Рядом с ним трактирщик Виткун, облачившийся в коричневую форму новой власти и смутивший этим нарядом Штепутата, собиравшегося надеть сюртук и цилиндр, как и на всех других похоронах в Йокенен.
Когда солнце стало подниматься над горой Фюрстенау, они тронулись, еще до того, как работники поместья стали выезжать на поля. Хорошо, что они выбрались так рано. Штепутату не пришлось быть свидетелем того, как майор поднимал на башне своего замка флаг, но не флаг фюрера, а флаг скончавшейся империи. Это не осталось бы без последствий. А может, и обошлось бы. Йокенен был так далеко от нового времени и новых флагов.
Уютно расположившись в коляске, они покатили по булыжнику и по проселочным дорогам. На юг. Ячмень и рожь уже убрали, овес был скошен.
– Сегодня увидим фюрера, – с пафосом сказал трактирщик Виткун.

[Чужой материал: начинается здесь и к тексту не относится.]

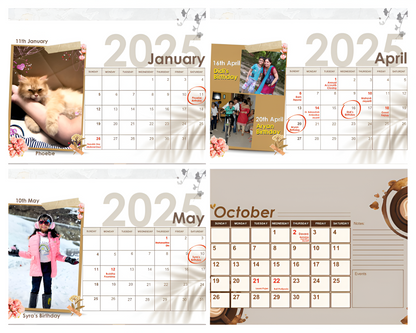 Personalized Table Calendar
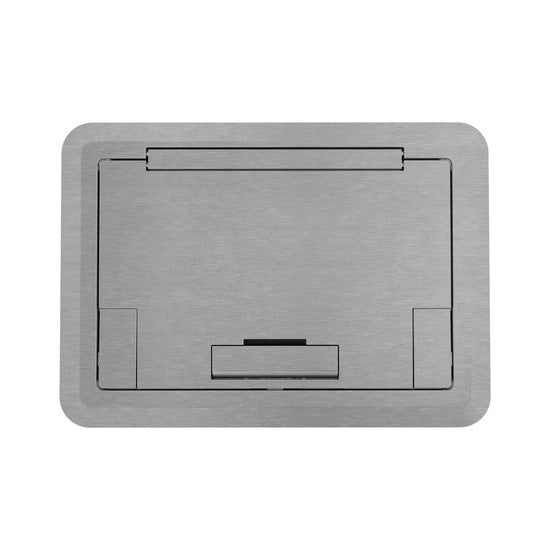 Evolution™ EFB45 Surface Style Cover With Solid Lid in Brushed Aluminum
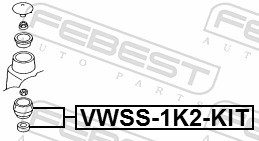 FEBEST VWSS-1K2-KIT EAN: 4056111125947.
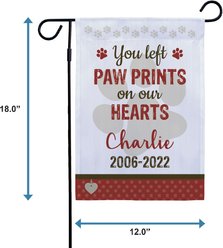 Frisco Personalized Double Sided Printed Memorial Paw Prints Garden Flag slide 2 of 8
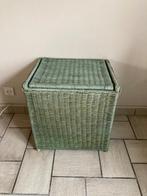 Grote rieten linnenmand, Huis en Inrichting, Ophalen, Gebruikt, Groen, Overige typen
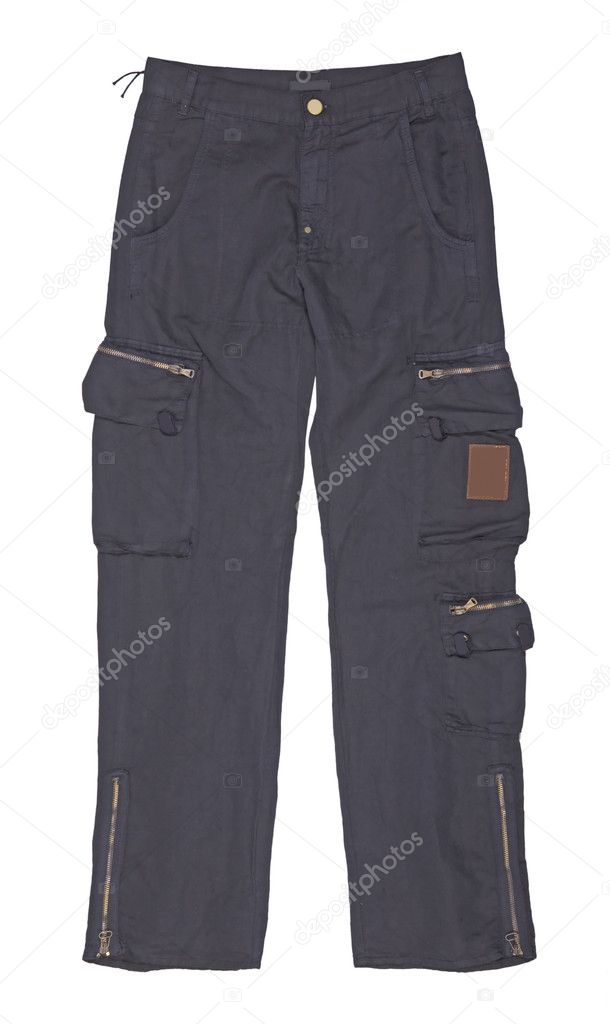 Blue pants isolated with clipping paths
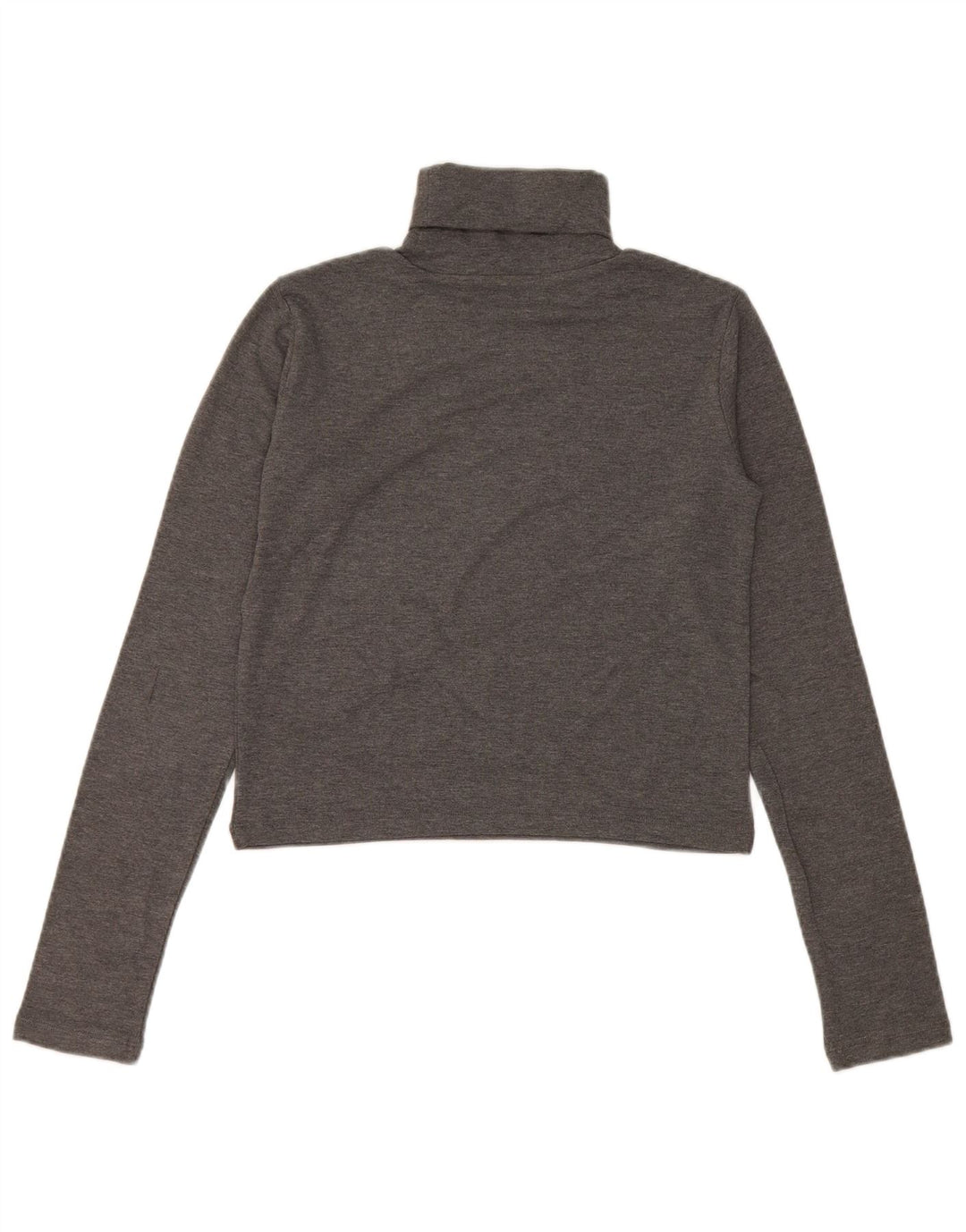 Zara Womens Crop Top Manches Longues UK 12 Gris Moyen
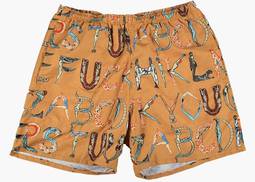 Supreme Alphabet Water Short Orange | Hype Clothinga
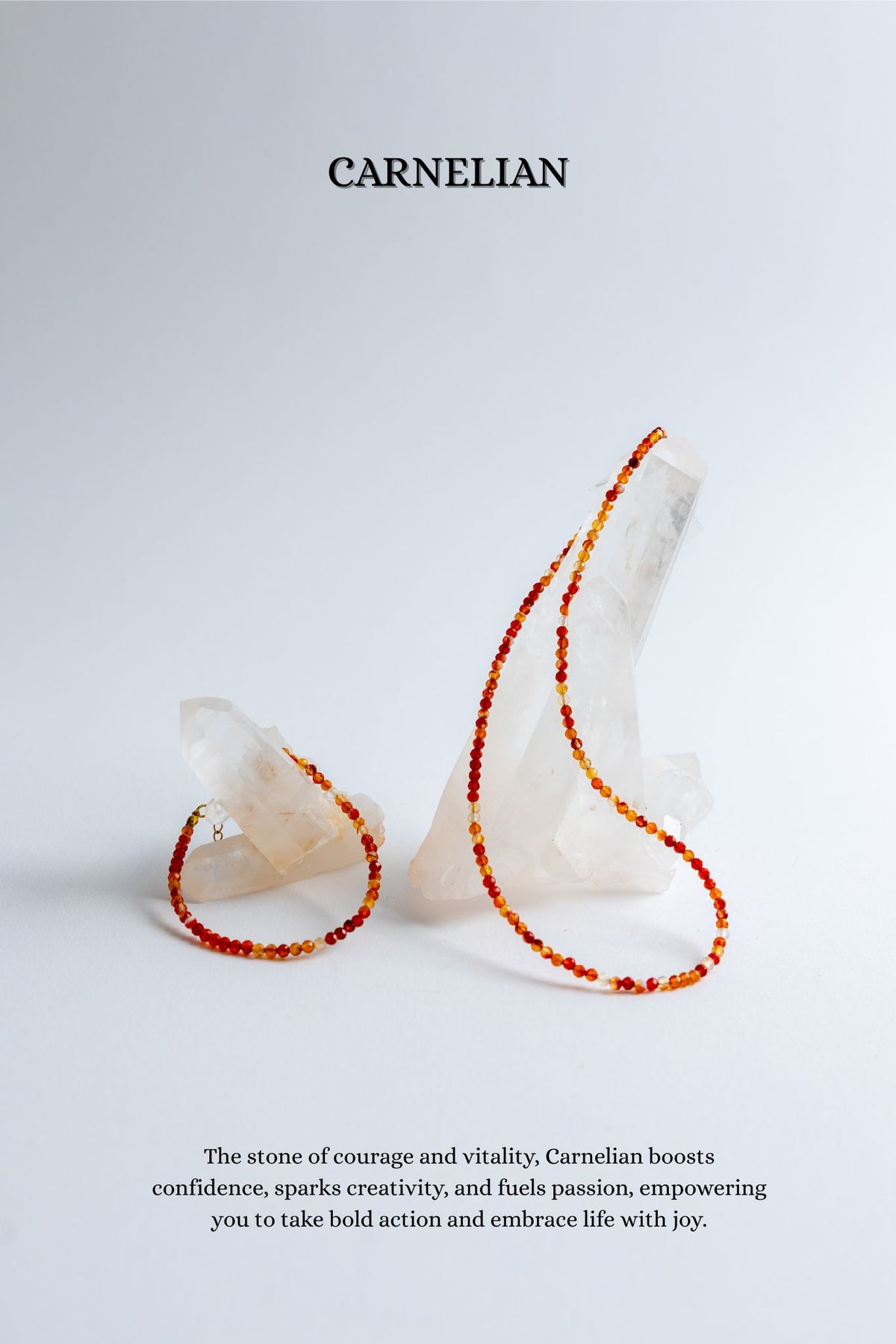 Faceted Authentic Dainty Crystal Necklace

После мазурского Реселя дороги оживились. Люди ехали на простых телегах и в экипажах. На железнодорожном переезде возле Бишофсбурга им пришлось выйти, чтобы держать лошадей. Йокенские лошади кое-как притерпелись к тракторам и молотилкам поместья, но огнедышащих паровозов еще пугались. Из окон поезда торчали флаги. Двинулась вся Восточная Пруссия. Женщины на полях развязывали свои платки и махали поезду вслед. Косцы отбивали косы дольше, чем обычно, а у шорника Рогаля слезы выступили на глазах, когда им встретилась телега с бородатыми седоками, которые держали вяло свисавшее в свете утреннего солнца знамя инстербургской пехоты. Его знамя. Ближе к Танненбергу толкотня и давка на всех дорогах. Открытые машины с людьми в форме прокладывали себе дорогу среди крестьянских повозок. Всем упряжкам свернуть на жнивье. Дальше шли пешком, держа курс на шесть башен танненбергского памятника. Оцепление в серой полевой форме.

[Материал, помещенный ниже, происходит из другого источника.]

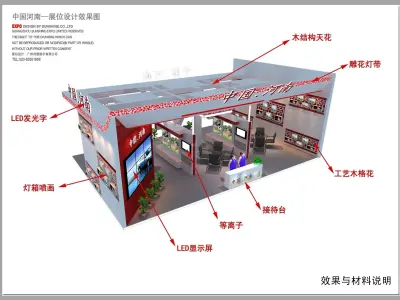 Exhibition - Area - 12X8 -3DMAX2009-08 3D model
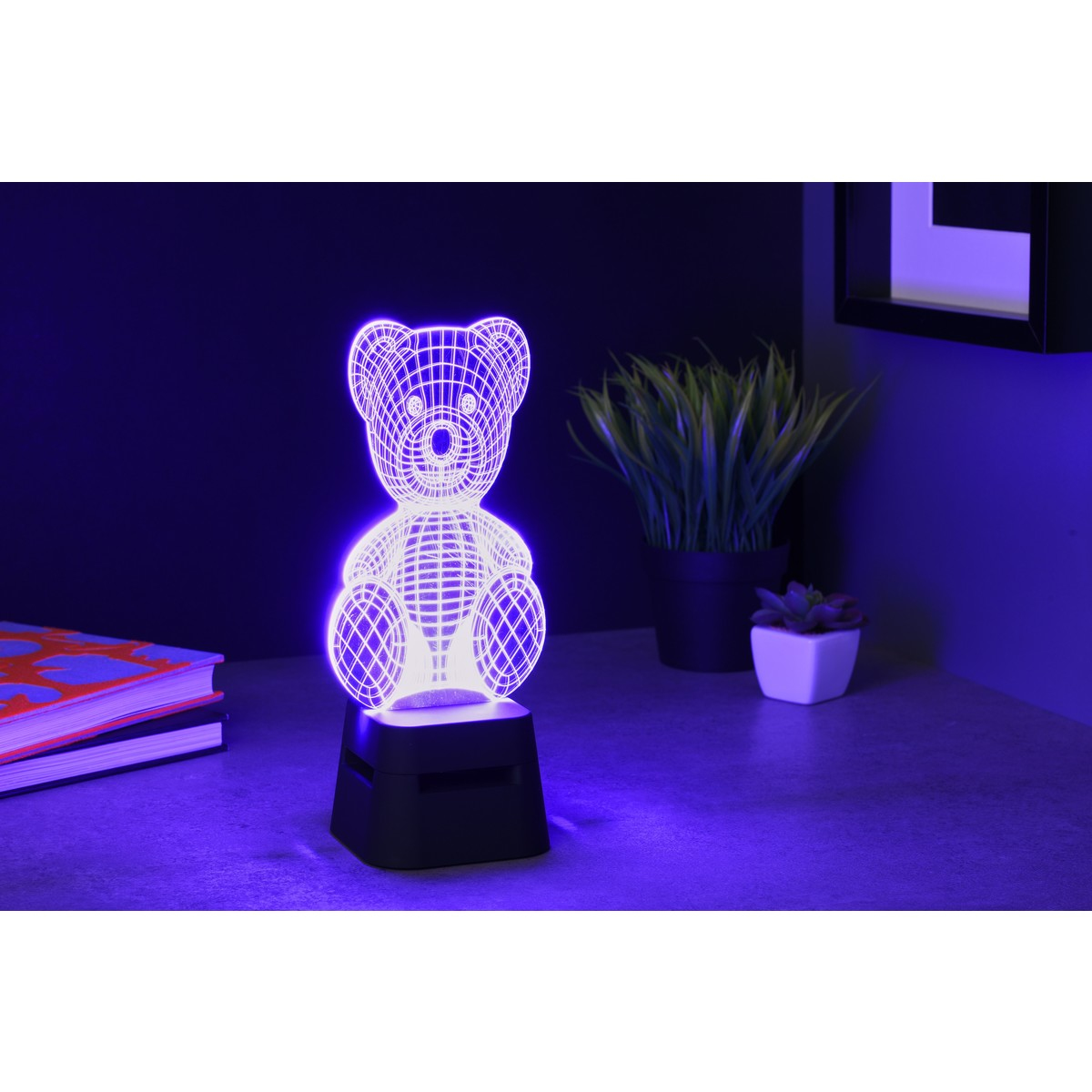 Tech Pop Speaker Bluetooth LED Lights Bear – image 2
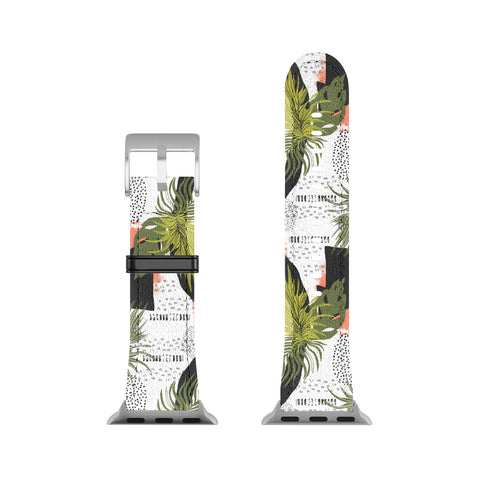 Marta Barragan Camarasa Nature abstract with strokes Apple Watch Band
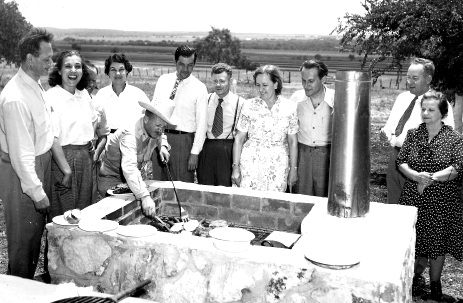 Perry Kalisher's Family at BBQ, 1940s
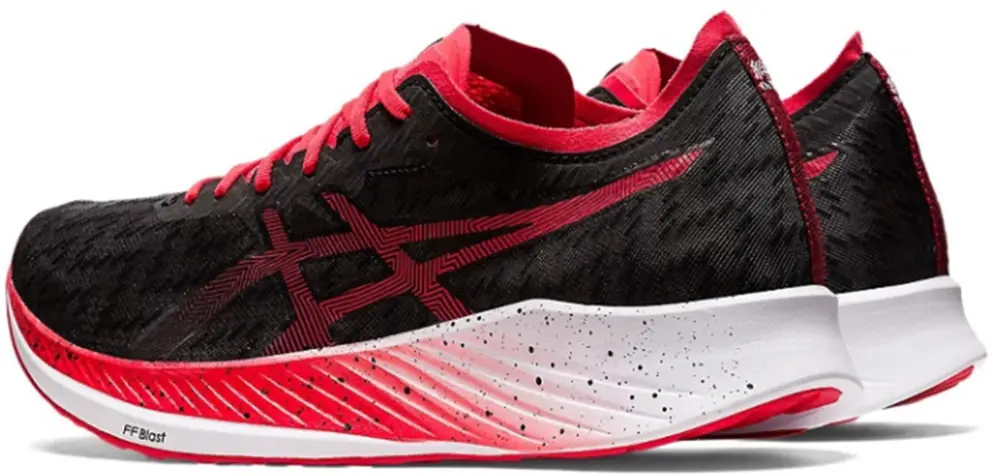 Alternative view of Giày Asics Magic Speed 'Black/Electric Red' 1011B432-001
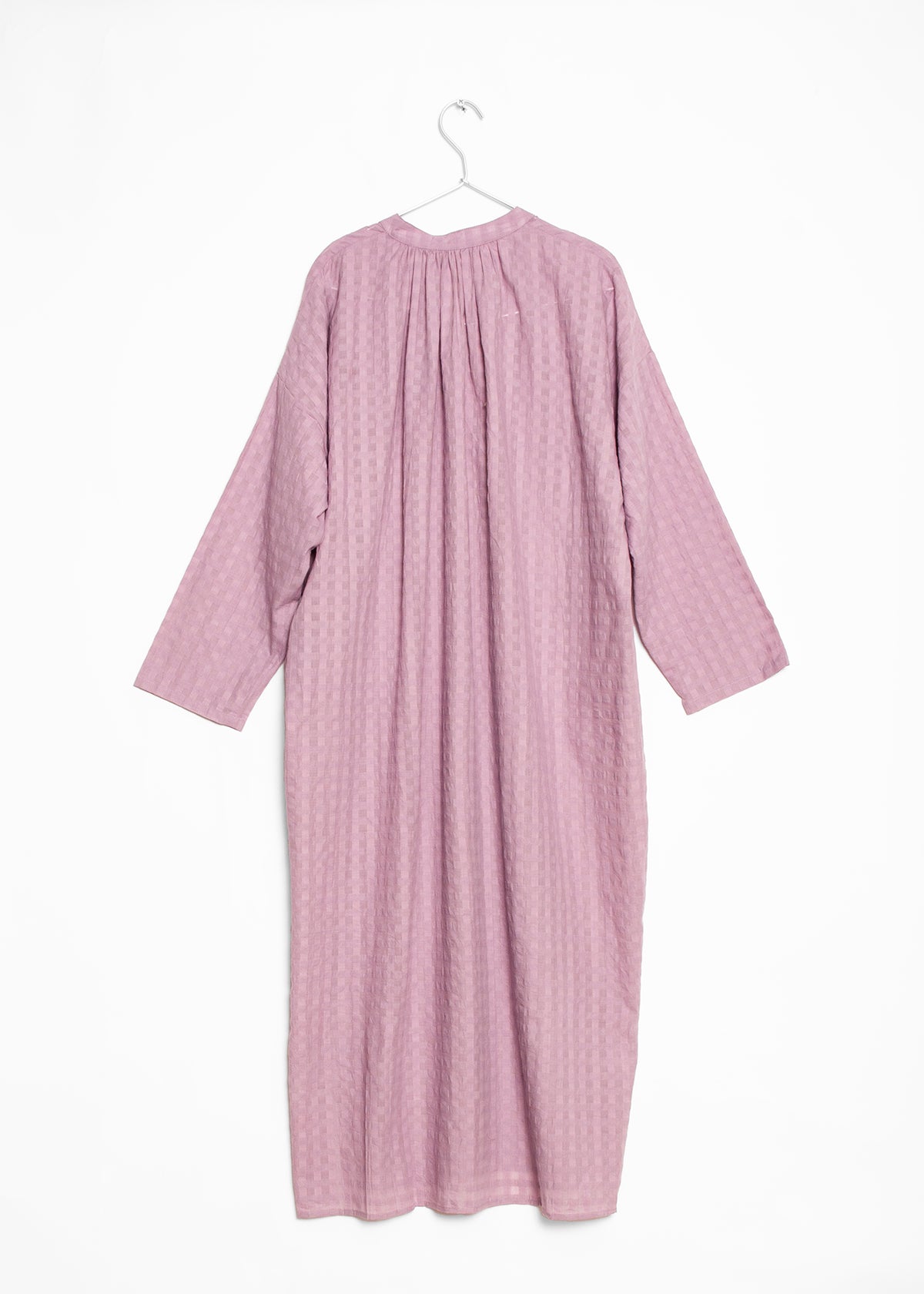Pocket Grid Caftan - Mauve by Two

– Фюрер едет! – кричит чей-то голос.
Ничего не видно, кроме моря голов, повозок и униформ. Может быть, там, за толпой, где горит вечный огонь. Наконец, уже невозможно и идти. Над гробом стреляют пушки, пугающие лошадей. Рядом с йокенцами стоит депутация из Тильзита, за ними группа из Зензбурга.
Далеко впереди читает проповедь военный священник, но почти ничего нельзя разобрать. Все снимают шляпы. "Воспоем силу любви" – старый прусский хорал. Фюрер уезжает. Германия, Германия превыше всего... От Мааса до Мемеля... Все вытягивают руки в немецком салюте. И все время по стойке смирно. От этого и устать можно. Песня про Хорста Весселя. Старый шорник Рогаль роняет свое боевое знамя. Все уже, нет сил держать знамя левой рукой, когда правая вытянута вперед. Штепутат подхватывает полотнище, не давая древку упасть на тильзитцев, а шорник Рогаль ложится в пыль Танненберга. К счастью, у кого-то нашлась фляжка с водой, которую вылили шорнику на голову. Придет ли он в себя? Да, спустя какое-то время. Когда все закричали "Хайль", шорник открыл глаза. Как раз в это время мимо них проходит фюрер со своей свитой. Встав на цыпочки, можно было бы его увидеть, но Штепутат, занятый шорником Рогалем, упускает случай. Зато Виткун еще много лет спустя будет уверять всех, что смотрел фюреру прямо в глаза. И фюрер строго взглянул на йокенцев и отдал приветствие знамени ветеранов.